[WHAT IS REQUIRED]: Give every entry again, word for word and in full.

[DATASET ENTRIES]:
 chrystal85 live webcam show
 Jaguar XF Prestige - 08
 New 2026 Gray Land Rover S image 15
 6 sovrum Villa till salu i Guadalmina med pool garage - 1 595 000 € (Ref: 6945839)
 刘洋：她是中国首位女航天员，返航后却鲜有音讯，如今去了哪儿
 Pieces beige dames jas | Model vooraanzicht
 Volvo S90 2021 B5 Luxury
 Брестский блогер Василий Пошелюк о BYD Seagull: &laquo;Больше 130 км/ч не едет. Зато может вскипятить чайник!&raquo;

[ANSWER SPACE]:
 chrystal85 live webcam show
 Jaguar XF Prestige - 08
 New 2026 Gray Land Rover S image 15
 6 sovrum Villa till salu i Guadalmina med pool garage - 1 595 000 € (Ref: 6945839)
 刘洋：她是中国首位女航天员，返航后却鲜有音讯，如今去了哪儿
 Pieces beige dames jas | Model vooraanzicht
 Volvo S90 2021 B5 Luxury
 Брестский блогер Василий Пошелюк о BYD Seagull: &laquo;Больше 130 км/ч не едет. Зато может вскипятить чайник!&raquo;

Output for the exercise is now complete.